Task item:
Each entry below is to be written out exactly, and the pictures are to be left out.

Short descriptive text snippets
****************
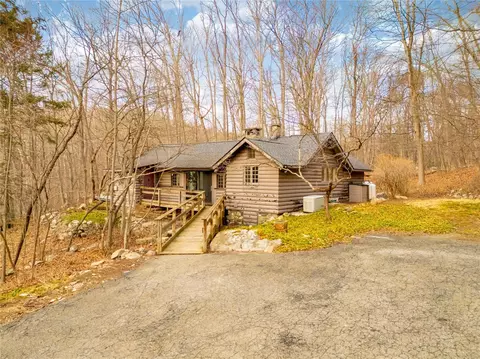 38 Trail Of The Hemlocks, Putnam Valley, NY 10579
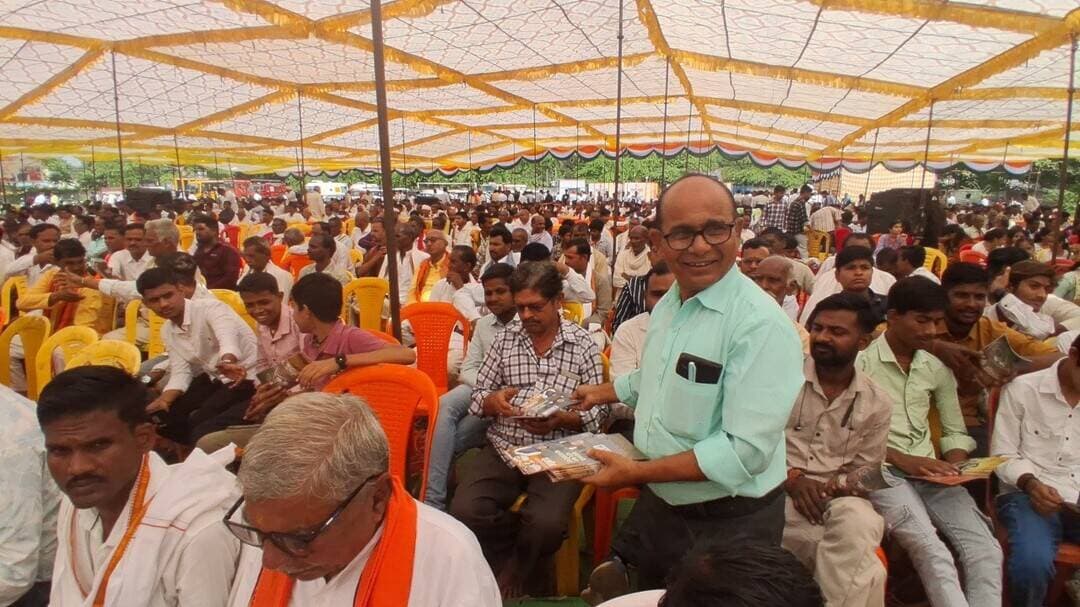 सेवा से संकल्प अभियान
==
विकसित भारत संकल्प सभा तथा सेवा ज्योति यात्रा कार्यक्रम के दौरान बदलते दौर का मध्य प्रदेश’ जिला विकास पुस्तिका का किया गया वितरण
==
सेवा से संकल्प अभियान अंतर्गत आज उत्कृष्ट विद्यालय परिसर में आयोजित संकल्प सभा तथा सेवा ज्योति यात्रा कार्यक्रम के दौरान जनसंपर्क विभाग द्वारा ‘बदलते दौर का मध्य प्रदेश’ के अंतर्गत दमोह जिले की विकास यात्रा एवं उपलब्धियों पर आधारित पुस्तिका का वितरण किया गया। पुस्तिका का वितरण जनप्रतिनिधियों तथा बड़ी संख्या में उपस्थित नागरिकों को किया गया।
पुस्तिका के माध्यम से दमोह जिले में विभिन्न क्षेत्रों में हुए विकास कार्यों, उपलब्धियों तथा शासन की जनकल्याणकारी योजनाओं की जानकारी आमजन तक पहुंचाई गई। इस दौरान नागरिकों को जिले की विकास गाथा से अवगत कराया गया तथा विकास कार्यों से संबंधित महत्वपूर्ण जानकारियां साझा की गईं।
जनसंपर्क विभाग द्वारा प्रकाशित इस पुस्तिका के माध्यम से जिले के विकास की दिशा में किए जा रहे सकारात्मक प्रयासों एवं विभिन्न उपलब्धियों को संक्षिप्त एवं सहज रूप में नागरिकों के समक्ष प्रस्तुत किया गया। उपस्थित नागरिकों ने पुस्तिका में प्रकाशित विकास संबंधी जानकारी में रुचि दिखाई।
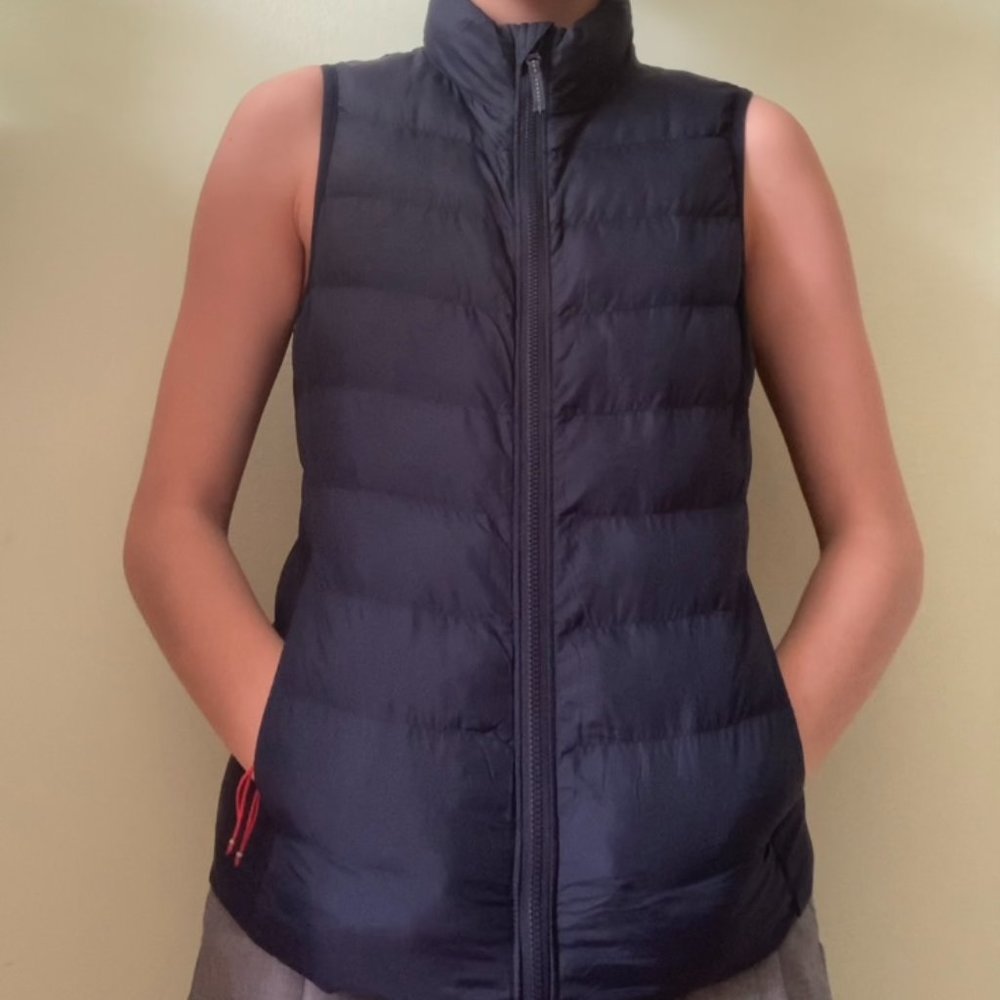 UniQlo Sleeveless Puff Jacket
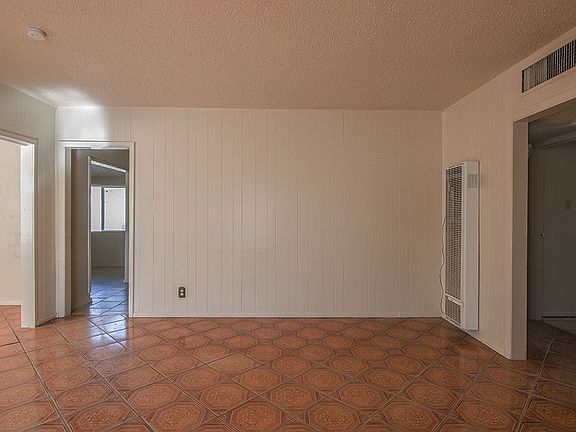 4th image of 6313 Cherbourg Ave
****************
Solution to the exercise:
 38 Trail Of The Hemlocks, Putnam Valley, NY 10579
 सेवा से संकल्प अभियान
==
विकसित भारत संकल्प सभा तथा सेवा ज्योति यात्रा कार्यक्रम के दौरान बदलते दौर का मध्य प्रदेश’ जिला विकास पुस्तिका का किया गया वितरण
==
सेवा से संकल्प अभियान अंतर्गत आज उत्कृष्ट विद्यालय परिसर में आयोजित संकल्प सभा तथा सेवा ज्योति यात्रा कार्यक्रम के दौरान जनसंपर्क विभाग द्वारा ‘बदलते दौर का मध्य प्रदेश’ के अंतर्गत दमोह जिले की विकास यात्रा एवं उपलब्धियों पर आधारित पुस्तिका का वितरण किया गया। पुस्तिका का वितरण जनप्रतिनिधियों तथा बड़ी संख्या में उपस्थित नागरिकों को किया गया।
पुस्तिका के माध्यम से दमोह जिले में विभिन्न क्षेत्रों में हुए विकास कार्यों, उपलब्धियों तथा शासन की जनकल्याणकारी योजनाओं की जानकारी आमजन तक पहुंचाई गई। इस दौरान नागरिकों को जिले की विकास गाथा से अवगत कराया गया तथा विकास कार्यों से संबंधित महत्वपूर्ण जानकारियां साझा की गईं।
जनसंपर्क विभाग द्वारा प्रकाशित इस पुस्तिका के माध्यम से जिले के विकास की दिशा में किए जा रहे सकारात्मक प्रयासों एवं विभिन्न उपलब्धियों को संक्षिप्त एवं सहज रूप में नागरिकों के समक्ष प्रस्तुत किया गया। उपस्थित नागरिकों ने पुस्तिका में प्रकाशित विकास संबंधी जानकारी में रुचि दिखाई।
 UniQlo Sleeveless Puff Jacket
 4th image of 6313 Cherbourg Ave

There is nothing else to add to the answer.